Re: [RFC PATCH 2/2] livepatch: Implement livepatch hybrid mode

Petr Mladek <pmladek@xxxxxxxx> · Mon, 27 Jan 2025 15:31:41 +0100

On Mon 2025-01-27 14:35:26, Yafang Shao wrote:
> The atomic replace livepatch mechanism was introduced to handle scenarios
> where we want to unload a specific livepatch without unloading others.
> However, its current implementation has significant shortcomings, making
> it less than ideal in practice. Below are the key downsides:

[...]

> In the hybrid mode:
> 
> - Specific livepatches can be marked as "non-replaceable" to ensure they
>   remain active and unaffected during replacements.
> 
> - Other livepatches can be marked as "replaceable," allowing targeted
>   replacements of only those patches.
> 
> This selective approach would reduce unnecessary transitions, lower the
> risk of temporary patch loss, and mitigate performance issues during
> livepatch replacement.
> 
> --- a/kernel/livepatch/core.c
> +++ b/kernel/livepatch/core.c
> @@ -658,6 +658,8 @@ static int klp_add_nops(struct klp_patch *patch)
>  		klp_for_each_object(old_patch, old_obj) {
>  			int err;
>  
> +			if (!old_patch->replaceable)
> +				continue;

This is one example where things might get very complicated.
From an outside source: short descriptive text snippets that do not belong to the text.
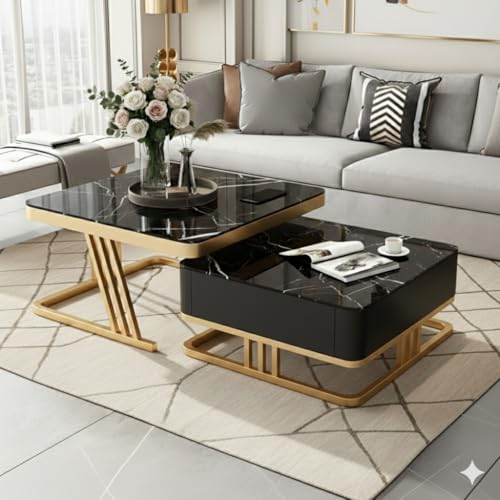 Image of Handmade Drawer Square 20 inchx20 inch Coffee Table /Nesting Table /Side Table /Center Table with Marble Finish Top for Living Room /Drawing Room (Black & Gold)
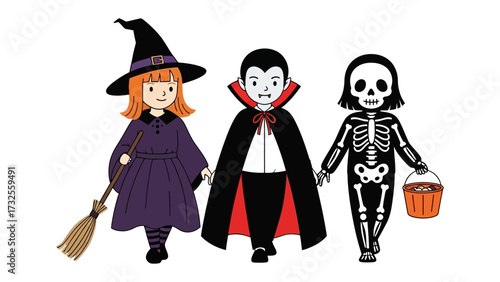 Halloween Costume Trio: An illustration featuring three children in Halloween costumes, including a witch, vampire, and skeleton, holding hands in a delightful, playful, and festive scene.
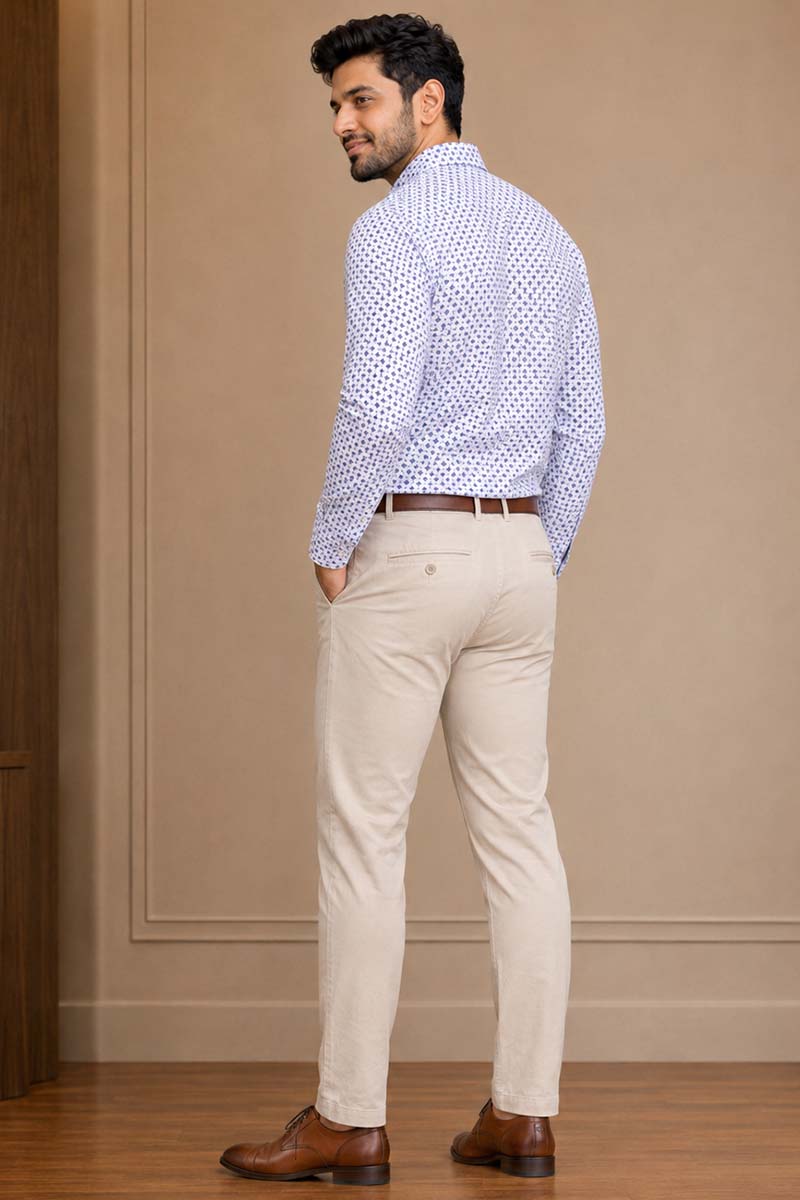 Blue Geometric Print Shirt -Blue - 5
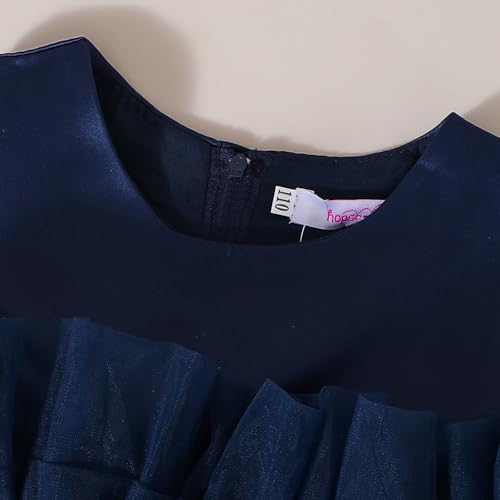 Hopscotch Girls Navy Sleeveless Lace Embellished Gown for Age (5-6 Years)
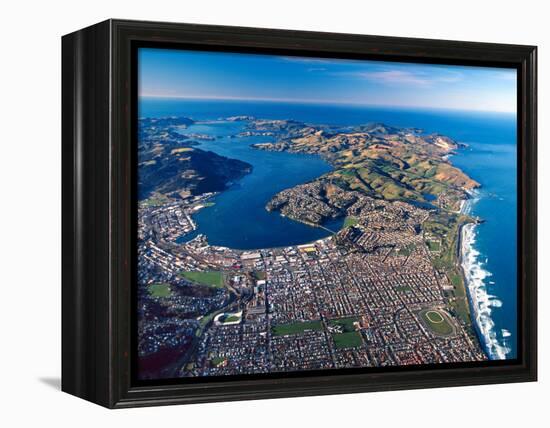 Dunedin, Otago Peninsula Harbor and Pacific Ocean, New Zealand-David Wall-Framed Premier Image Canvas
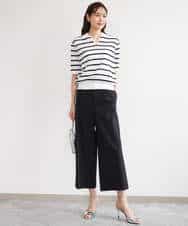 FKLGD72160 MK MICHEL KLEIN(MK ミッシェルクラン) [洗える]ナチュラルツイルワイドクロップドパンツ ベージュ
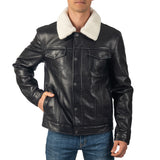 Alpine Swiss Aaron Mens Trucker Jacket – Faux Leather Black
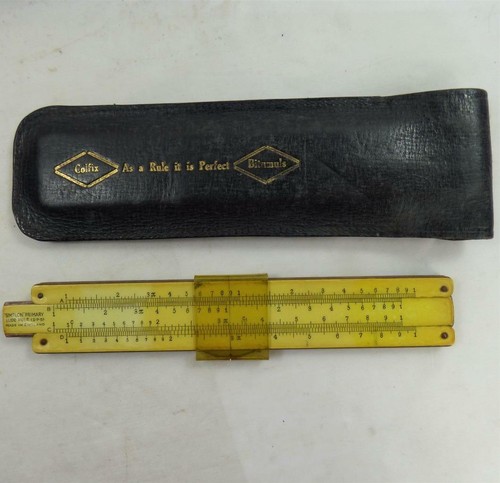 Rechenschieber leder etui - rechenschieber,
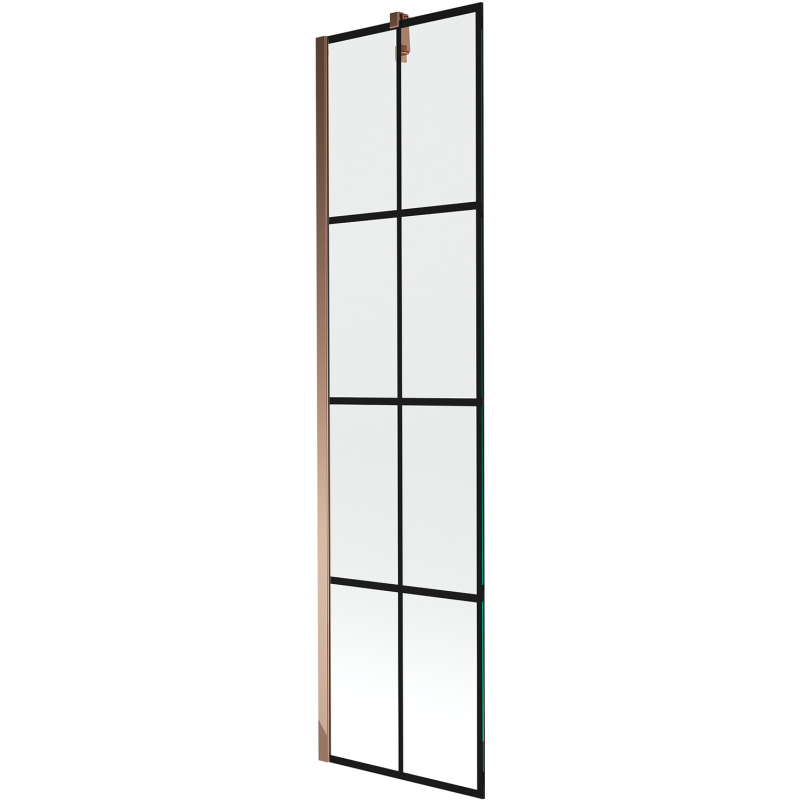 Mexen Next 1-wing bathtub screen 50 x 150 cm, Black pattern, Rose gold - 895-050-000-00-77-60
The same function might be livepatched by more livepatches, see
ops->func_stack. For example, let's have funcA and three livepatches:
a
  + lp1:
	.replace = false,
	.non-replace = true,
	.func =	{
			.old_name = "funcA",
			.new_func = lp1_funcA,
		}, { }

  + lp2:
	.replace = false,
	.non-replace = false,
	.func =	{
			.old_name = "funcA",
			.new_func = lp2_funcA,
		},{
			.old_name = "funcB",
			.new_func = lp2_funcB,
		}, { }

  + lp3:
	.replace = true,
	.non-replace = false,
	.func =	{
			.old_name = "funcB",
			.new_func = lp3_funcB,
		}, { }

Now, apply lp1:

      + funcA() gets redirected to lp1_funcA()

Then, apply lp2

      + funcA() gets redirected to lp2_funcA()

Finally, apply lp3:

      + The proposed code would add "nop()" for
	funcA() because	it exists in lp2 and does not exist in lp3.

      + funcA() will get redirected to the original code
	because of the nop() during transition

      + nop() will get removed in klp_complete_transition() and
	funcA() will get suddenly redirected to lp1_funcA()
	because it will still be on ops->func_stack even
	after the "nop" and lp2_funcA() gets removed.

	   => The entire system will start using another funcA
	      implementation at some random time

	   => this would violate the consistency model

The proper solution might be tricky:

1. We would need to detect this situation and do _not_ add
   the "nop" for lp3 and funcA().

2. We would need a more complicate code for handling the task states.

   klp_update_patch_state() sets task->patch_state using
   the global "klp_target_state". But in the above example,
   when enabling lp3:

    + funcA would need to get transitioned _backward_:
	 KLP_TRANSITION_PATCHED -> KLP_TRANSITION_UNPATCHED
      , so that it goes on ops->func_stack:
	 lp2_funcA -> lp1->funcA

   while:

    + funcA would need to get transitioned forward:
	 KLP_TRANSITION_UNPATCHED -> KLP_TRANSITION_PATCHED
      , so that it goes on ops->func_stack:
	 lp2_funcB -> lp3->funcB

=> the hybrid mode would complicate the life for both livepatch
   creators/maintainers and kernel code developers/maintainers.

   I am afraid that this complexity is not acceptable if there are
   better solutions for the original problem.

>  			err = klp_add_object_nops(patch, old_obj);
>  			if (err)
>  				return err;

I am sorry but I am quite strongly against this approach!

Best Regards,
Petr